Yes. It is not only ok — it is one of the most Jewish things you can do. Avraham argued, Moshe argued, Iyov shouted, and the Psalms are full of "how long?" Anger addressed to God is still a relationship with God. The opposite of faith is not anger; it is indifference, walking away without a word. You are still in the conversation, and that matters more than you know.
1.1k likes · 8d ago
Answered
My son wants to marry a non-Jewish woman he loves deeply. How do I handle this as a parent without destroying our relationship?
I have sat with many parents in exactly this chair, and I will tell you what I have seen. The families who did the most damage were not the ones who disagreed — they were the ones who turned every conversation into a verdict. Your son already knows what you believe. He does not need it repeated; he needs to know whether there is still room for him at your table. So say the hard thing once, gently and clearly, and then spend the rest of your energy on the relationship. Love is the longest game there is, and you want to still be playing it in twenty years.
538 likes · 13d ago
Answered
How do I explain the concept of Teshuvah to my 8-year-old?

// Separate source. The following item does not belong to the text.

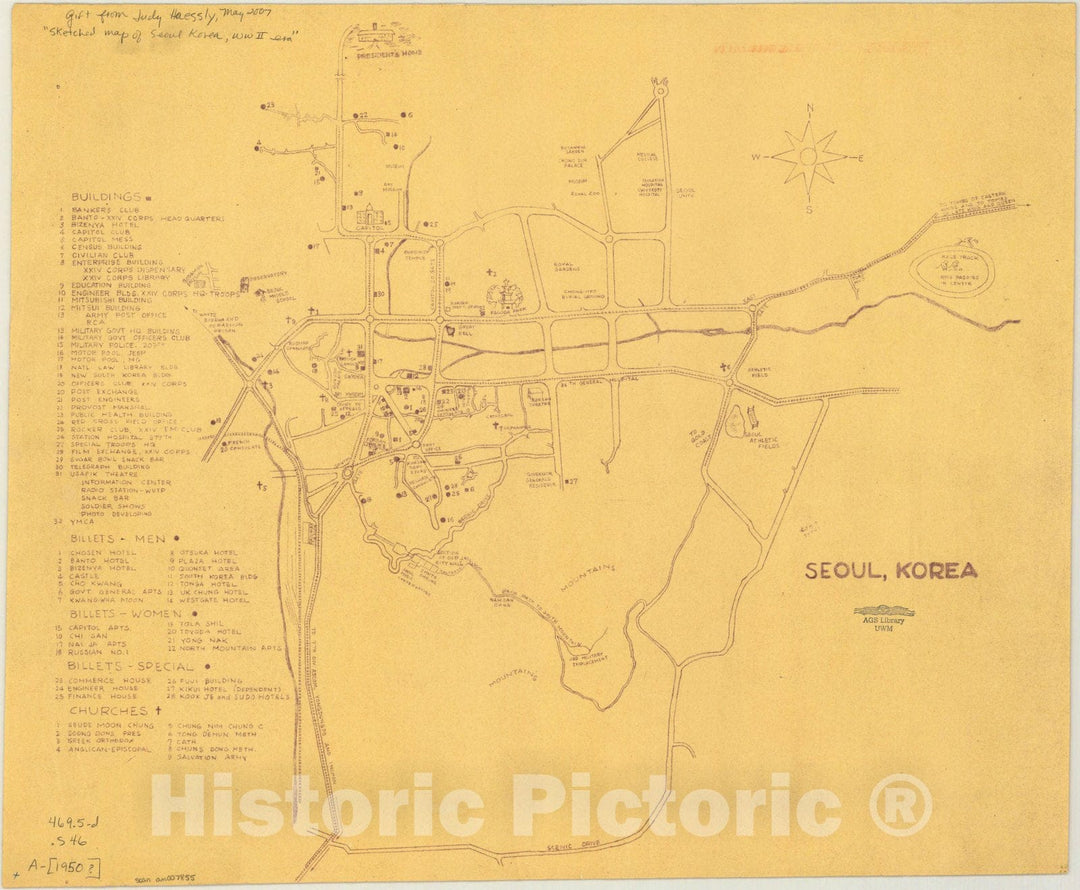 Map : Seoul (Korea) 1950?, Seoul, Korea, Antique Vintage Reproduction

I like to use the eraser. A pencil comes with an eraser built in — not because we expect to write perfectly, but because everyone makes mistakes and the mistake is not the end of the page. Teshuvah is Hashem building an eraser into the world. And model it. The most powerful drasha on teshuvah an eight-year-old will ever hear is watching you say "I was wrong, I'm sorry, I'll try again" — to her. When she sees that grown-ups do teshuvah too, it stops being a punishment and becomes simply how good people live.
377 likes · 1mo ago
Answered
Our shul is debating whether to add an egalitarian minyan. I'm on the board — how do I navigate this without tearing the community apart?

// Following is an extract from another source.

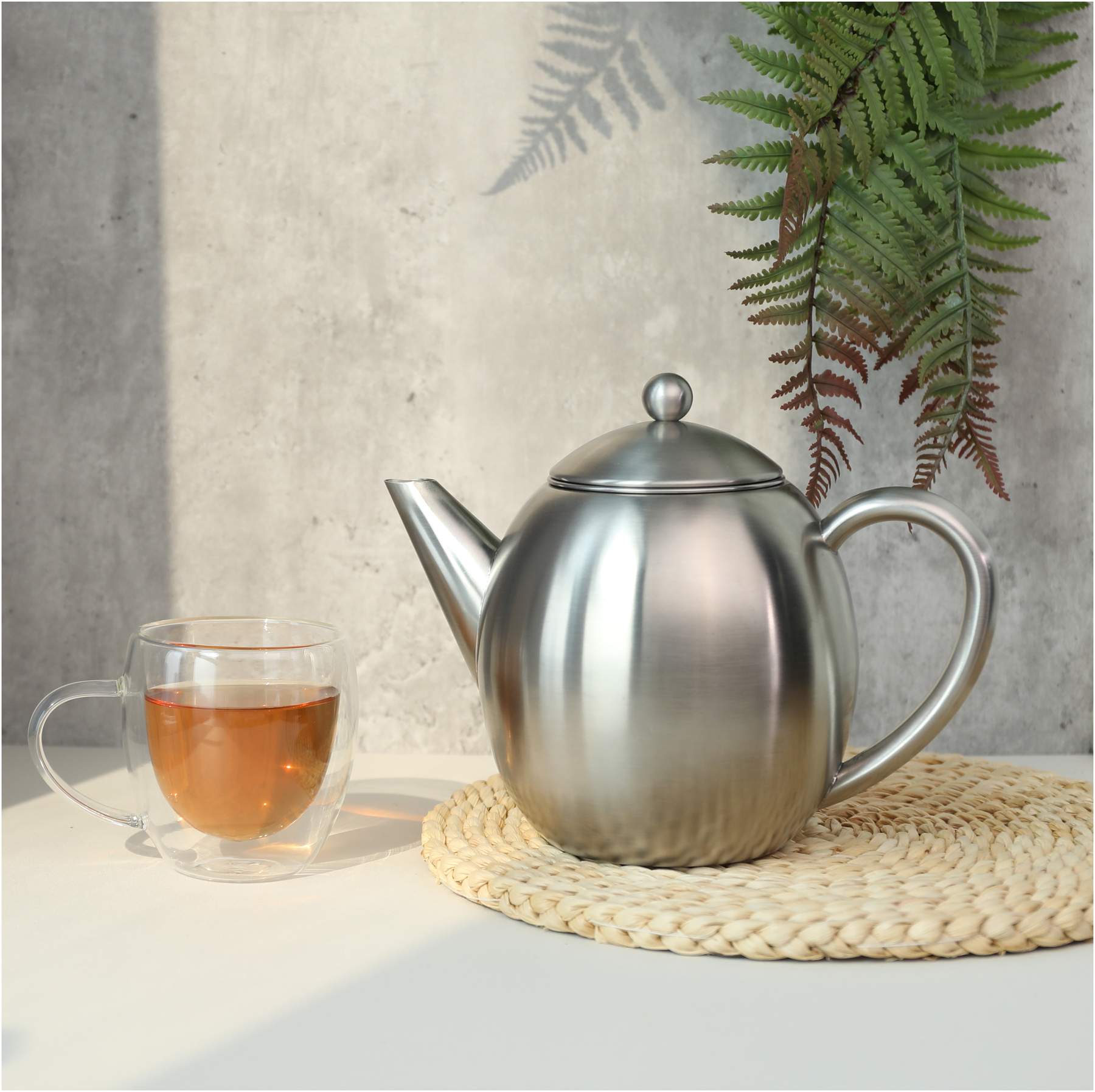 Thermo-Teekanne Doppelwandig Matt Edelstahl, 1 Liter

Here is the diplomat's counsel, having watched shuls both split and survive over exactly this. Slow it down and separate the two questions. Question one is halachic: what is actually permitted? That goes to your rav, full stop. Question two is communal: how do we hold a real disagreement without anyone feeling erased? Run a process people can trust — open listening sessions, a clear explanation of who decides what and why, no surprises sprung at a vote. Most shuls that tore apart did not do so over the halacha; they tore apart over people feeling ambushed and disrespected. If both "sides" believe they were heard and the decision was made with integrity, your community can survive almost any specific outcome. Protect the relationships and the trust, and the policy question becomes survivable.
288 likes · 19d ago
Answered
My elderly mother wants to stop dialysis. What does halacha say about end of life decisions?
This is among the most serious questions a family can face, and it cannot be answered correctly by a stranger on the internet — please bring it to a rav who deals with these cases together with her doctors. What I can offer is the shape of it. Judaism treats life as infinitely precious, and we do not actively end it. But halacha does distinguish between treatments, and the questions of pain, of whether dialysis has become an ongoing affliction, and of your mother's own wishes and capacity all matter enormously. So gather three voices in one room: a posek experienced in end-of-life shailos, her treating physician, and your mother herself while she can speak for herself. Do not carry this decision alone, and do not let guilt rush it. The fact that you are asking, carefully and in fear of Heaven, tells me you will handle it with the seriousness it deserves.